Medida Provisória precisa agora ser aprovada em plenário por Câmara dos Deputados e Senado.

Uma comissão mista (integrada por deputados federais e senadores) aprovou nesta quarta-feira (24), na íntegra, a Medida Provisória 843/2018, que institui o programa “Rota 2030” a partir de 2019. O relatório foi de autoria do deputado Alfredo Kaefer (PP-PR).

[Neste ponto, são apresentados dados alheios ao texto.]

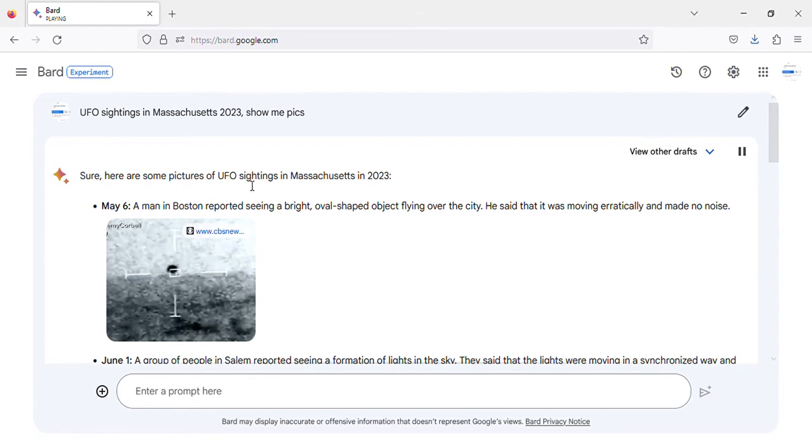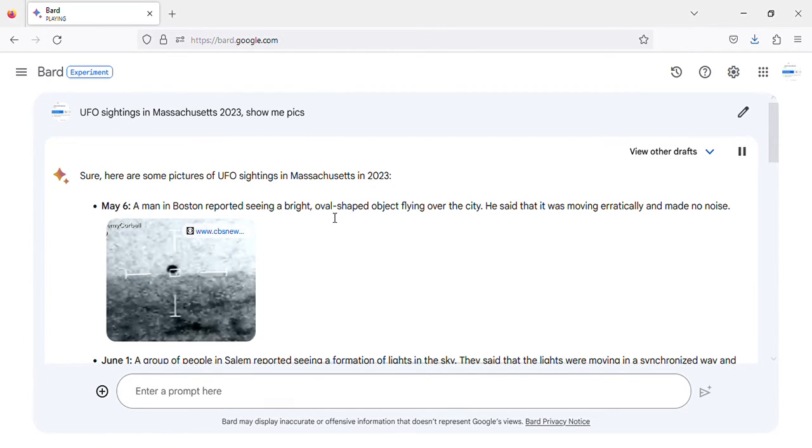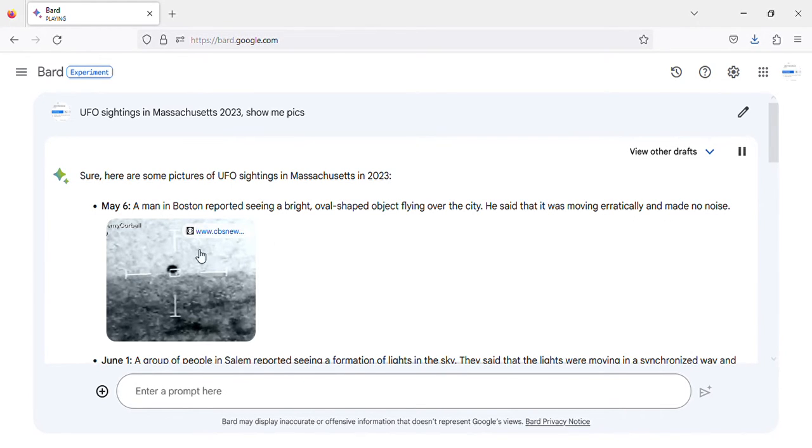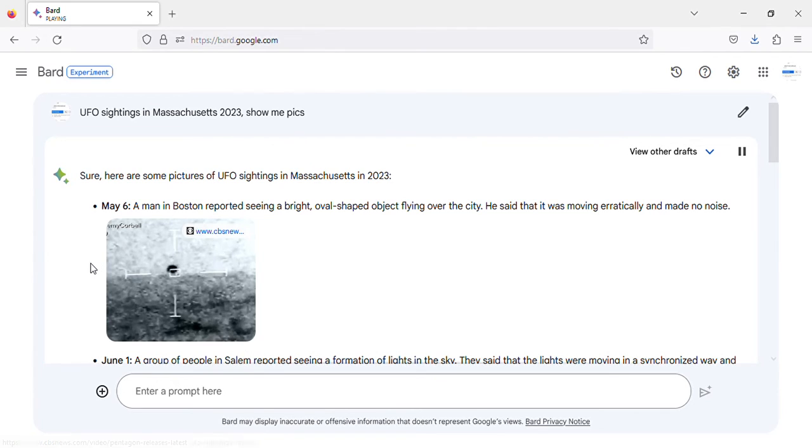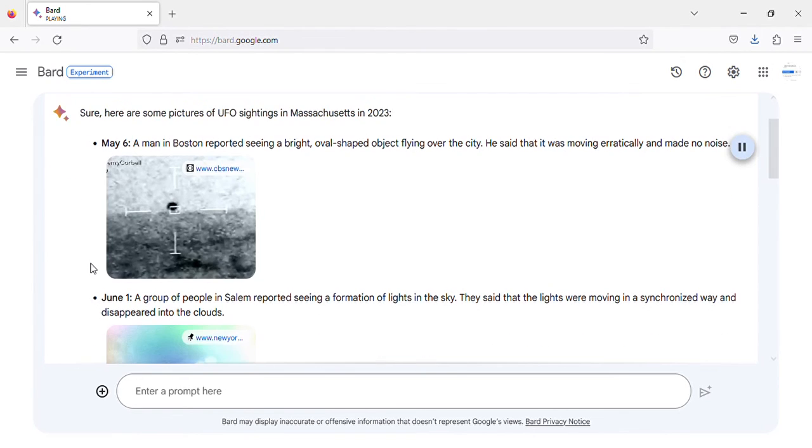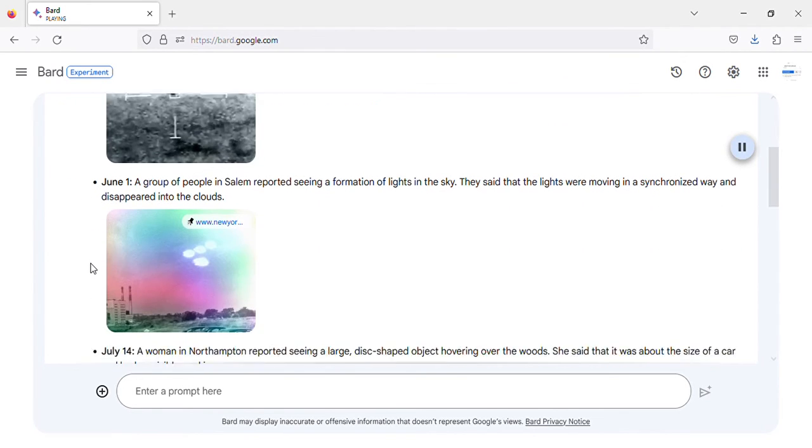Here are some pictures of UFO sightings in Massachusetts in 2023. May 6, a man in Boston reported seeing a bright, oval-shaped object flying over the city. He said that it was moving erratically and made no noise. Image of UFO sighting in Boston, Massachusetts, May 6, 2023.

Agora o tema precisa ser votado pelos plenários da Câmara e do Senado Federal, o que deve ocorrer nos próximos dias, já que o prazo final para aprovação é dia 16 de novembro. Sendo definitivamente sancionada, a medida entra em vigor no ano que vem.

Através desse novo regime de incentivo à indústria automotiva instalada no Brasil, montadoras terão acesso a até R$ 1,5 bilhão anuais em incentivos fiscais para desenvolver novos projetos e produtos no país.

Em contrapartida, terão de investir pelo menos R$ 5 bilhões anualmente em pesquisa e desenvolvimento. Também serão concedidos subsídios retroativos ao período do “Inovar Auto”, programa antecessor ao “Rota”, além de isenções fiscais para o fomento da cadeia de fornecedores e créditos de IPI específicas para empresas que atuam no Nordeste.

Este último tema, aliás, foi incluído recentemente na MP como prorrogação de um regime especial já vigente, que encerraria em 2020 e agora está garantido até 2025. FCA e Ford, que possuem fábrica em Goiana (PE) e Camaçari (BA), entraram em conflito por conta da abrangência do incentivo, antes nacional e, a partir de 2020, válida apenas para o IPI recolhido na própria região Nordeste. Ao que parece, o impasse foi resolvido.

Para 2019, o orçamento federal já prevê um total de R$ 2 bilhões somando todos os incentivos.

A Anfavea, em comunicado assinado por seu presidente, Antonio Megale, comemorou a decisão. “Hoje tivemos uma grande vitória. (…). O Rota 2030 significa um passo importante para o desenvolvimento da indústria automobilística e da engenharia no Brasil, sendo a nossa oportunidade de contribuir para a competitividade do setor e de termos mais previsibilidade para a tomada de decisões e de novos investimentos”, diz o texto.